The changes in Beclin 1, LC3II and p-mTOR protein expression levels were determined by western blot analysis (Fig. 5). Low levels of Beclin 1 and LC3II were present in the hippocampal CA1 region in rats in the S group. However, expression levels of Beclin 1 and LC3II were significantly increased in the VD group (P<0.05 and P<0.01, respectively) but reduced in the NBP group (both P<0.05). By contrast, the levels of p-mTOR Ser-2448 in the S group were higher compared with those in the VD group (P<0.01), and this reduced phosphorylation of mTOR was partially reversed by NBP administration in rats with VD (P<0.05). These results demonstrated that NBP partially inhibited excessive ischemia-induced autophagy and promoted mTOR phosphorylation in rats with VD.

NBP inhibits autophagy via an mTOR-dependent pathway in rats with VD

The role of mTOR in ischemia-induced autophagy was assessed by measuring mTOR phosphorylation levels in the five groups. The administration of the mTOR inhibitor rapamycin reduced mTOR phosphorylation (P<0.01) and simultaneously increased the expression levels of Beclin 1 and LC3II in VD rats compared with the S group (both P<0.05), whereas NBP + rapamycin failed to reverse these effects compared with rapamycin alone (P>0.05; Fig. 6). These results indicated that NBP may suppress autophagy through an mTOR-dependent pathway in rats with VD.

Discussion

VD is a common cause of dementia, primarily induced by cerebrovascular disease or risk factors including age, hypertension, diabetes, and smoking (20). An increasing number of studies recently focused on the pathological mechanisms and possible therapies for VD; however, VD remains difficult to treat, and further studies are therefore urgently needed.

Autophagy, which is an adaptive reaction of cells to stress produced by alterations in the internal and external environments, is a dynamic catabolic process involved in multiple cellular processes (21). However, excessive autophagy may trigger cell death and contribute to ischemia-induced neuronal damage (22,23). Inhibition of autophagy has thus demonstrated beneficial effects in modulating neurological deficits following cerebral ischemia (24,25).

The kinase mTOR is a common regulator of autophagy induction; mTOR activation suppresses, whereas inhibiting mTOR promotes autophagy (26). Rapamycin is a direct inhibitor of mTOR and is the most commonly used and specific inducer of autophagy (27). The mTOR pathway activation has been demonstrated to protect hippocampal neurons against hypoxia-induced injury and promote neuronal recovery (28).

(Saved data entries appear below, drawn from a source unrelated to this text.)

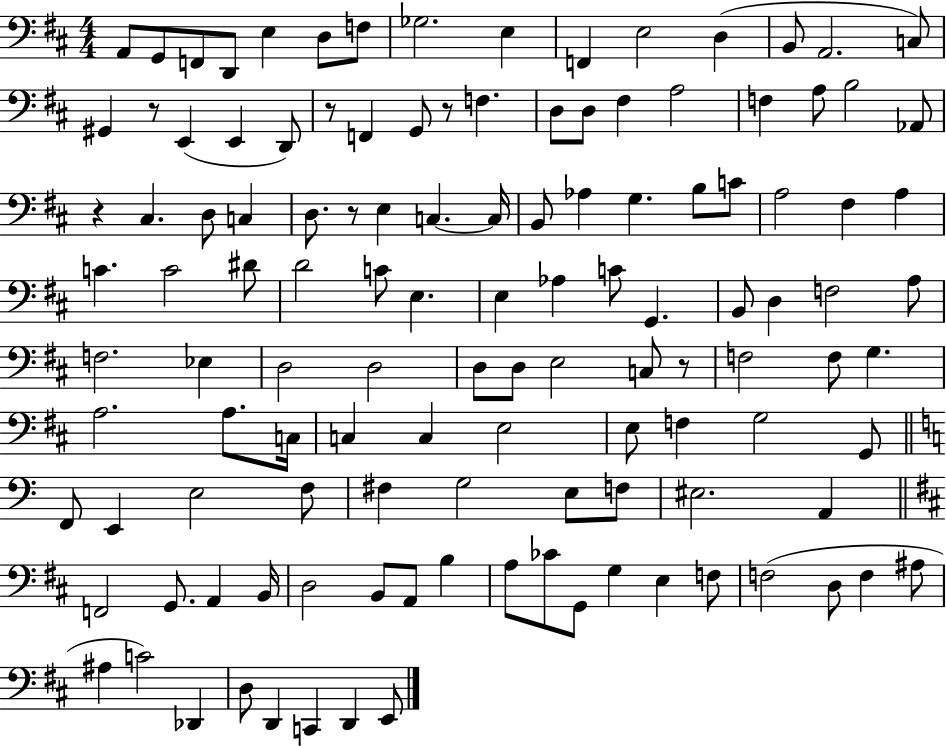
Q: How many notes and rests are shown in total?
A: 122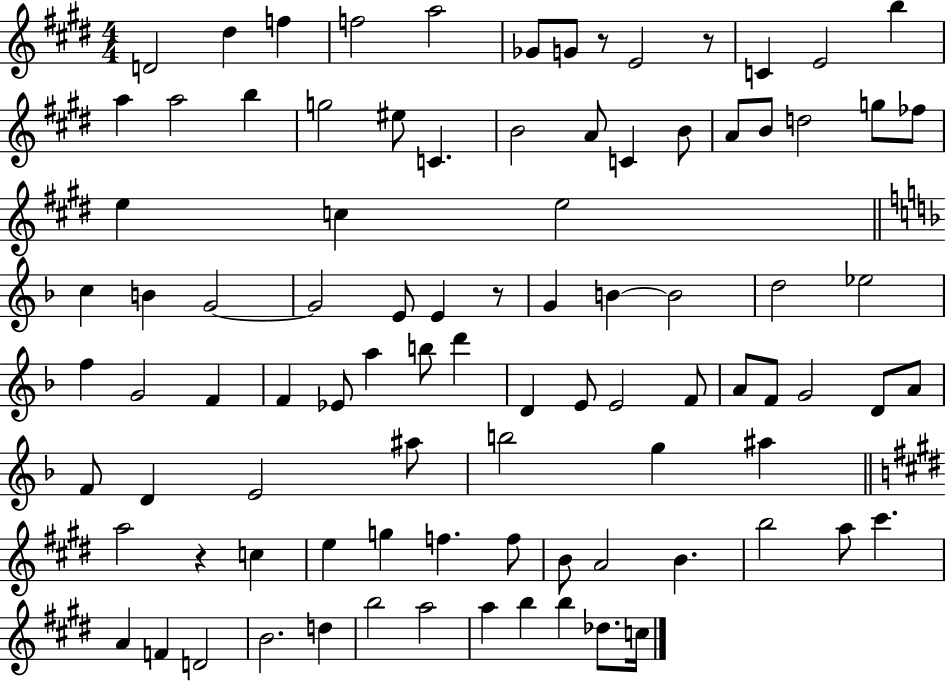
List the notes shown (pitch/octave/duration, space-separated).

D4/h D#5/q F5/q F5/h A5/h Gb4/e G4/e R/e E4/h R/e C4/q E4/h B5/q A5/q A5/h B5/q G5/h EIS5/e C4/q. B4/h A4/e C4/q B4/e A4/e B4/e D5/h G5/e FES5/e E5/q C5/q E5/h C5/q B4/q G4/h G4/h E4/e E4/q R/e G4/q B4/q B4/h D5/h Eb5/h F5/q G4/h F4/q F4/q Eb4/e A5/q B5/e D6/q D4/q E4/e E4/h F4/e A4/e F4/e G4/h D4/e A4/e F4/e D4/q E4/h A#5/e B5/h G5/q A#5/q A5/h R/q C5/q E5/q G5/q F5/q. F5/e B4/e A4/h B4/q. B5/h A5/e C#6/q. A4/q F4/q D4/h B4/h. D5/q B5/h A5/h A5/q B5/q B5/q Db5/e. C5/s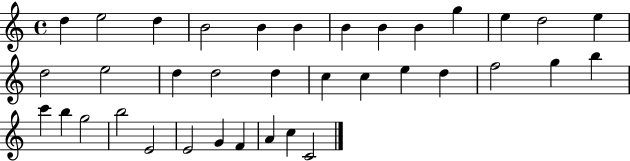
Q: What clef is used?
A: treble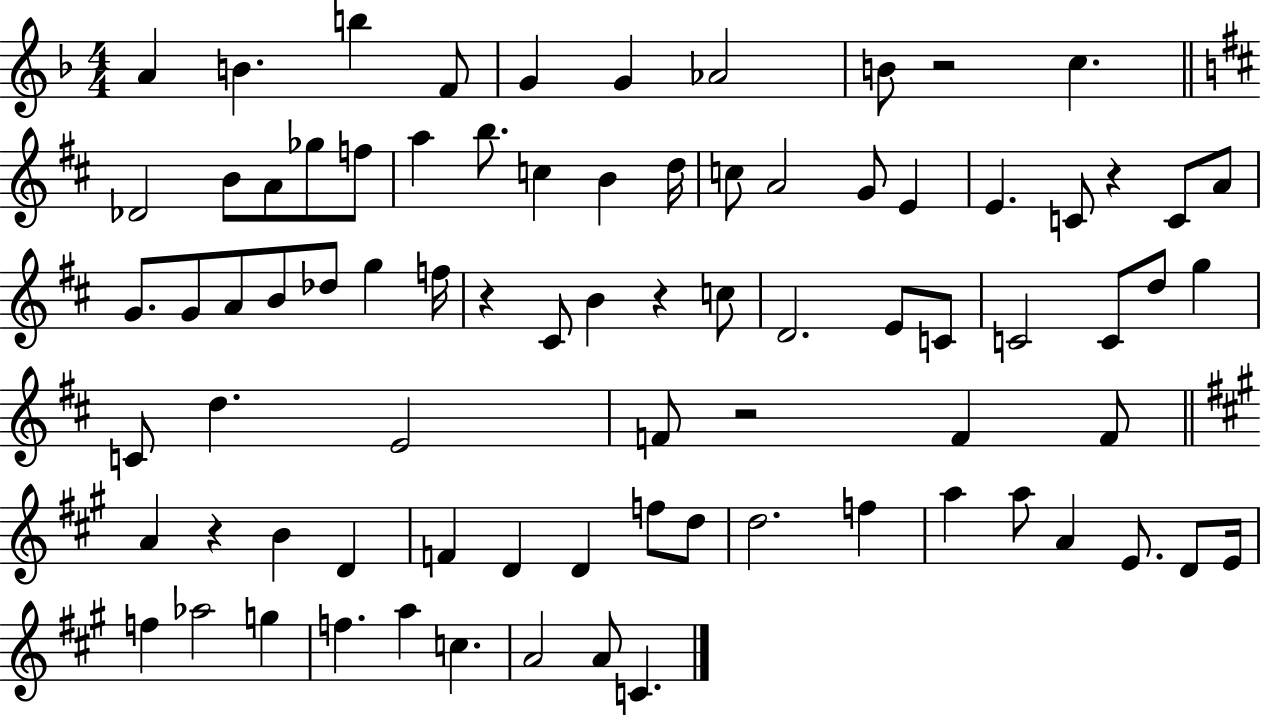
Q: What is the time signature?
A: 4/4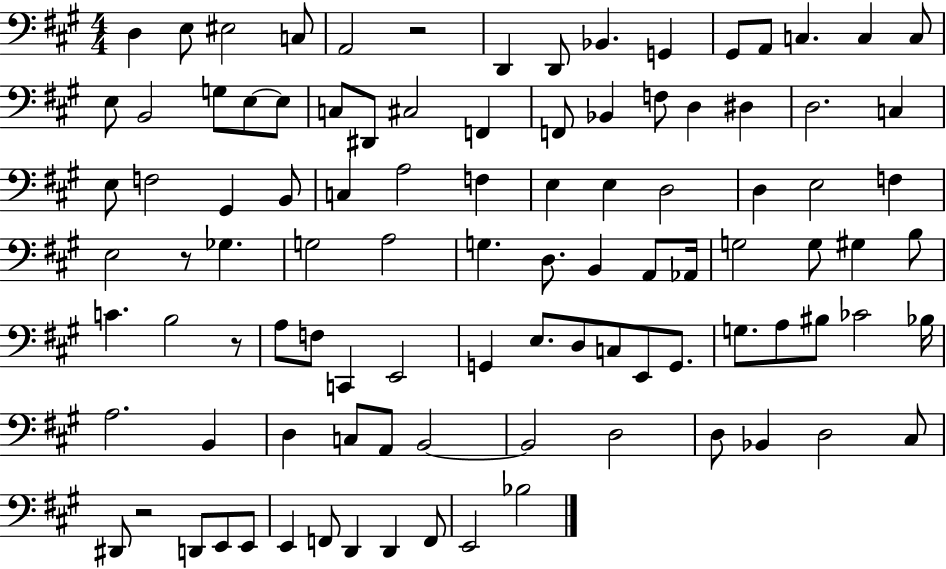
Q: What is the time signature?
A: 4/4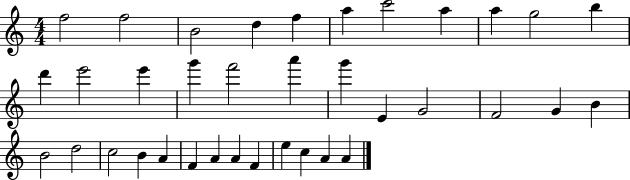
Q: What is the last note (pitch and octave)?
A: A4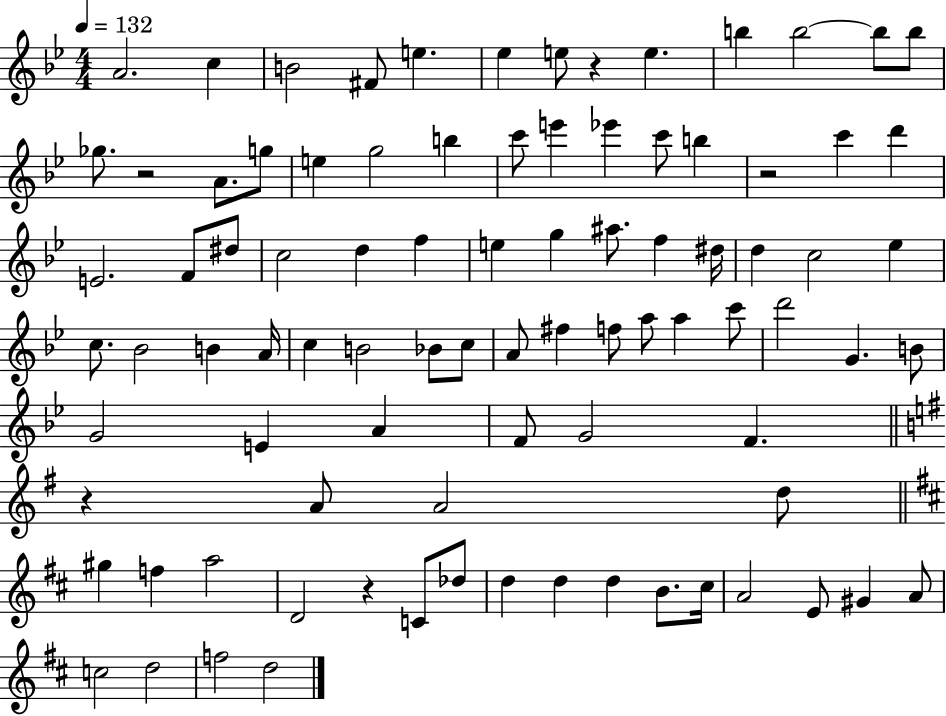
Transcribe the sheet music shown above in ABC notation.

X:1
T:Untitled
M:4/4
L:1/4
K:Bb
A2 c B2 ^F/2 e _e e/2 z e b b2 b/2 b/2 _g/2 z2 A/2 g/2 e g2 b c'/2 e' _e' c'/2 b z2 c' d' E2 F/2 ^d/2 c2 d f e g ^a/2 f ^d/4 d c2 _e c/2 _B2 B A/4 c B2 _B/2 c/2 A/2 ^f f/2 a/2 a c'/2 d'2 G B/2 G2 E A F/2 G2 F z A/2 A2 d/2 ^g f a2 D2 z C/2 _d/2 d d d B/2 ^c/4 A2 E/2 ^G A/2 c2 d2 f2 d2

In the present study, a rat model of VD was established (29), and learning and memory in the rats were evaluated by conducting MWM and T-maze tests. The results demonstrated that NBP significantly improved the cognitive performance of rats with VD, but could not attenuate cognitive decline in rats with VD following treatment with the autophagy agonist rapamycin. These results, along with the changes in the relative numbers of Nissl-positive cells in the CA1 region of the hippocampus in the NBP-treated or the NBP combined with rapamycin treated group, indicated that NBP could ameliorate cognitive impairment and neuronal loss in rats with VD, and that these effects of NBP could be prevented by the autophagy agonist rapamycin.

Numerous studies have reported that autophagy is activated in neurons subjected to ischemia or hypoxia, and excessive autophagy may lead to autophagic neuronal cell death (3033). The results of the transmission electron microscopy analysis in the present study revealed that brain ischemia induced autophagosome formation in VD rats, which was inhibited by NBP. This NBP-induced suppression of autophagy was confirmed by western blot analysis, which revealed that the expression levels of the autophagy markers LC3II and Beclin 1 were downregulated in NBP-treated rats with VD, indicating that inhibition of autophagy by NBP may prevent the learning and memory impairments observed in rats with VD.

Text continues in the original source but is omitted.